IMI is a global engineering group focused on the precise control and movement of fluids in critical applications and comprises five platform businesses - Severe Service, Fluid Power, Indoor Climate, Beverage Dispense & Merchandising. I have a holding in my income portfolio (epic code: IMI).
Operating profit decreased by 0.3% to £269.8m and Eps increased by 15.1% to 68.6p, excluding exceptionals EPS was 78p up 7.4%, in line with market expectations.
Free cash flow (FCF) was substantially below last year's £252.2m at £33.6m, mainly as a result of increased working capital, higher capex and additional pension scheme funding. The additional pension funding of £87m was part funded by £70m from the £696m proceeds from the sale of the Beverage business, £620m was returned to shareholders in addition to the £97.5m in dividends.
Net debt was reduced by £25.9m to £200m and represented gearing of 39.3%. Net debt was just 0.5x EBITDA, but the weaker operating cash flow was only 52% of net debt.
A final dividend of 24p is being proposed making the full year dividend 37.6p an increase of 6.5%. If we add back the £70m of additional pension scheme funding, that was financed by the Beverage disposal, to the FCF then the resultant £103.6m covered the £97.5m of dividends.
The 3 year average FCF return on capital employed is 20.4%, substantially in excess of the weighted average cost of capital of 11.6% and their current ROCE is 38%.
Management's outlook for 2015 was rather cautious with an implication of flat earnings for the year - "...In 2015, based on current market conditions and excluding the impact of exchange rate movements, we expect the Group to deliver modest organic revenue growth weighted towards the second half with margins slightly lower than in 2014 reflecting the impact of the disposal of Eley and acquisition of Bopp & Reuther by the Critical Engineering division and the ongoing investments we are making in all our businesses as we ready them for accelerated long-term growth..."

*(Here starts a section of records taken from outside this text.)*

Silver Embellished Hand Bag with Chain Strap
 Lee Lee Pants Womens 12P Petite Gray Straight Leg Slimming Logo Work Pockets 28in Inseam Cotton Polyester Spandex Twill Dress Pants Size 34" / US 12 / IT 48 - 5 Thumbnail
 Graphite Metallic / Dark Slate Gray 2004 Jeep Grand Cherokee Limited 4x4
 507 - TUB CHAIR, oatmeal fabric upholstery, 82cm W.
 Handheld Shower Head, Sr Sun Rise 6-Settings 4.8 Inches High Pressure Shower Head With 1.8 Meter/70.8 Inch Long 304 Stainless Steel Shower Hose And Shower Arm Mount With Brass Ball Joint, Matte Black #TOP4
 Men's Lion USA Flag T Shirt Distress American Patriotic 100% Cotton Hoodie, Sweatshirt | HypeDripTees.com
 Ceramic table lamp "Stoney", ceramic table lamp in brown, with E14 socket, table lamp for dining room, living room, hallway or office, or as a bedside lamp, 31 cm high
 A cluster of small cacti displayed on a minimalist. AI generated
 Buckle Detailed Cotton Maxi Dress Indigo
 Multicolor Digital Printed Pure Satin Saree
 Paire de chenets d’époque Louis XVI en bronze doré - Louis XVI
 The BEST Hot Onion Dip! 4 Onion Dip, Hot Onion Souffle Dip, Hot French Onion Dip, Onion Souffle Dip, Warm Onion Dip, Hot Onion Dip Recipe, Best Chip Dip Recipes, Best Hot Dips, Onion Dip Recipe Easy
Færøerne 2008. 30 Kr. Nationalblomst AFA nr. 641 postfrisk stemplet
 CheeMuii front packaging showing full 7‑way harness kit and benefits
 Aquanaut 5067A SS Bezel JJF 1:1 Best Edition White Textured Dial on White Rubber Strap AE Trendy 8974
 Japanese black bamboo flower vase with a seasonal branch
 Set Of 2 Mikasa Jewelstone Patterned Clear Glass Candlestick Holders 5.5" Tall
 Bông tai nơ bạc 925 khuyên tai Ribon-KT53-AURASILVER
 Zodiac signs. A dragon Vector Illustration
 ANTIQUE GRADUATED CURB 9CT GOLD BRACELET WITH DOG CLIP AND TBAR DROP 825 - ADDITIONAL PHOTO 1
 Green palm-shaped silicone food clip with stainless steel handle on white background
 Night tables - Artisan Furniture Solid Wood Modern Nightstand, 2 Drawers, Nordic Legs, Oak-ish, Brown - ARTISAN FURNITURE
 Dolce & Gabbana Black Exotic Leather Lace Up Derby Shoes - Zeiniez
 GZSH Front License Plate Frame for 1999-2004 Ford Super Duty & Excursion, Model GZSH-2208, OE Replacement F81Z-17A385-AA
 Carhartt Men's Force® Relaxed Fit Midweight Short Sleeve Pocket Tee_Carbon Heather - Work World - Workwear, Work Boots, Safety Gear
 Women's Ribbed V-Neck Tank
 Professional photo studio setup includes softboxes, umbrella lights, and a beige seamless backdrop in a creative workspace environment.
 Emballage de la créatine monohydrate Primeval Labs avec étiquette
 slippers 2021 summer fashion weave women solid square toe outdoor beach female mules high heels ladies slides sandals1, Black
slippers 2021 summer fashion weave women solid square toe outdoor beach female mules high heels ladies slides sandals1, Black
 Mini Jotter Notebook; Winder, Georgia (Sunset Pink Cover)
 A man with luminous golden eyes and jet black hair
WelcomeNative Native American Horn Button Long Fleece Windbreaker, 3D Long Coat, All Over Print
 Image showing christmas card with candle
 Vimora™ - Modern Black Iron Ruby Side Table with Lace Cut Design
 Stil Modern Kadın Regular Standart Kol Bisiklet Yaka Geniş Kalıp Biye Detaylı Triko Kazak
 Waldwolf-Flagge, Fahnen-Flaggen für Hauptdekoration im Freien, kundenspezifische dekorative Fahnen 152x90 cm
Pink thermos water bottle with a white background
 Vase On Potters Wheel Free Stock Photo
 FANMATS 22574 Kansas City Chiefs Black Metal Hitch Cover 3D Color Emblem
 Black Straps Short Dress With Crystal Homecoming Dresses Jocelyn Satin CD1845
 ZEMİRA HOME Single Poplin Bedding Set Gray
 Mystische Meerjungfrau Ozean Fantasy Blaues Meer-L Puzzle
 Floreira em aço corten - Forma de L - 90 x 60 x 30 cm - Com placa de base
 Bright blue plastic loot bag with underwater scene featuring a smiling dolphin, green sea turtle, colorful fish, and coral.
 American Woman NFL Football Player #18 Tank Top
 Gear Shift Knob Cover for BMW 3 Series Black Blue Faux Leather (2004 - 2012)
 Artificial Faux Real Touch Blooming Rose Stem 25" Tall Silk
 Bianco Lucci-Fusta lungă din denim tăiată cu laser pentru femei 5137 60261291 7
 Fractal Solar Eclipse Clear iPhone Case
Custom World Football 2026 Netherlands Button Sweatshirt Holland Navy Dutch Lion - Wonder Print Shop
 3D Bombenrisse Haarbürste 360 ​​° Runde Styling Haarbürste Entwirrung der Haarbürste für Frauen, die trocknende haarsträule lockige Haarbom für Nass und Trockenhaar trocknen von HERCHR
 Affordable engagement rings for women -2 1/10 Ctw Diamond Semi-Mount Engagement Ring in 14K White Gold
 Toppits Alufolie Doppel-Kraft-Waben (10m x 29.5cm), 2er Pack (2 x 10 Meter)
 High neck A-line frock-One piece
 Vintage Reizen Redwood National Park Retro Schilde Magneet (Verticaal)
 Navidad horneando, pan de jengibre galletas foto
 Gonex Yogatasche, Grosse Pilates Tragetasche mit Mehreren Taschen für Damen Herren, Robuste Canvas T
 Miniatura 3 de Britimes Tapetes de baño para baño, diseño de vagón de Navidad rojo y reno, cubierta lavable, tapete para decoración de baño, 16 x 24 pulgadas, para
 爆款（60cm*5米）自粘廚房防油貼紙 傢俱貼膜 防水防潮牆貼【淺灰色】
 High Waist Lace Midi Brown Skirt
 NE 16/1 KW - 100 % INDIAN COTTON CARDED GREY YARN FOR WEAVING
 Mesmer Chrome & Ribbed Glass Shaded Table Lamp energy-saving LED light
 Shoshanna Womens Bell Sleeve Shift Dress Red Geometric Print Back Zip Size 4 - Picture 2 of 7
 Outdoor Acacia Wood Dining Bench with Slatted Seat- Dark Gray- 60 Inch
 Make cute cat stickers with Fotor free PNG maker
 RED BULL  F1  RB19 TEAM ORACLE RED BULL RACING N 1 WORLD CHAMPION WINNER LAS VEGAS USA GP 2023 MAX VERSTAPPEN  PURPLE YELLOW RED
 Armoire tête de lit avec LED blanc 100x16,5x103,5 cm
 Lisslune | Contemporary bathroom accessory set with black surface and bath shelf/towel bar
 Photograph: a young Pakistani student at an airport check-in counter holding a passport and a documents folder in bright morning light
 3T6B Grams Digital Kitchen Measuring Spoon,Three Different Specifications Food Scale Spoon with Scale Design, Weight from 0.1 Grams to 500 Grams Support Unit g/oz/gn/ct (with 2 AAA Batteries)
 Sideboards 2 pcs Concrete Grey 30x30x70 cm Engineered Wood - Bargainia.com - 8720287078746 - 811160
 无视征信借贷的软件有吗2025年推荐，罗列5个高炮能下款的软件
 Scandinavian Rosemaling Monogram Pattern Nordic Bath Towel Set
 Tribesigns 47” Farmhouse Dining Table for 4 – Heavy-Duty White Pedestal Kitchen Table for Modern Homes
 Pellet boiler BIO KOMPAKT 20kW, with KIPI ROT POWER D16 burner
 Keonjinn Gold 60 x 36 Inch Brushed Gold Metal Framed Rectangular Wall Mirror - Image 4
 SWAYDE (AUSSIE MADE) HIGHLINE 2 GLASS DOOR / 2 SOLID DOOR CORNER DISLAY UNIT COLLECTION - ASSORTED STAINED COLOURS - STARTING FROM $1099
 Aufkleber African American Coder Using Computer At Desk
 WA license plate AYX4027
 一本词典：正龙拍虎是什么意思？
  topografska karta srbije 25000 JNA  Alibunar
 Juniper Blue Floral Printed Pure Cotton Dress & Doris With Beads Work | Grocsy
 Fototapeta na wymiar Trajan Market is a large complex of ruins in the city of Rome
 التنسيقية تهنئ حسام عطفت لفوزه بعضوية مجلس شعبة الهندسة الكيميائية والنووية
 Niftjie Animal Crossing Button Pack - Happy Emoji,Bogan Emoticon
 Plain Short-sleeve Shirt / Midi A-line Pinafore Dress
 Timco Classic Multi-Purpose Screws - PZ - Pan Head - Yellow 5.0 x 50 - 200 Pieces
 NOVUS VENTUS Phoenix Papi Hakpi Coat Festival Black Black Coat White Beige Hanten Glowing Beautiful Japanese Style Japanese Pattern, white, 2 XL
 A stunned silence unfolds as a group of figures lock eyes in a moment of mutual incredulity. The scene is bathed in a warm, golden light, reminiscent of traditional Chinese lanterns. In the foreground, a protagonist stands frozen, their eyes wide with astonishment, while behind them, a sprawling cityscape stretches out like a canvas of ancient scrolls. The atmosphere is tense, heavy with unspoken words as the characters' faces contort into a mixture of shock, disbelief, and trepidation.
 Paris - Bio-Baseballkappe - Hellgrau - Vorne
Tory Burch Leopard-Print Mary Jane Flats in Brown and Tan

Currencies may have a major impact on the 2015 results as they are more heavily exposed to the Euro than the US$. A 1c movement in either currency would affect operating profits by +/- £0.5m for the US$ and +/- £1m for the Euro. Average rates for 2014 were $1.65 = £1 and €1.24 = £1.
Despite the cautious outlook for 2015, management have set a target of doubling operating profits by 2019, which if achieved, will be a considereable performance.
At Friday's close of 1381p they are on an historic P/E of 17.7 and a forward yield of 2.9%.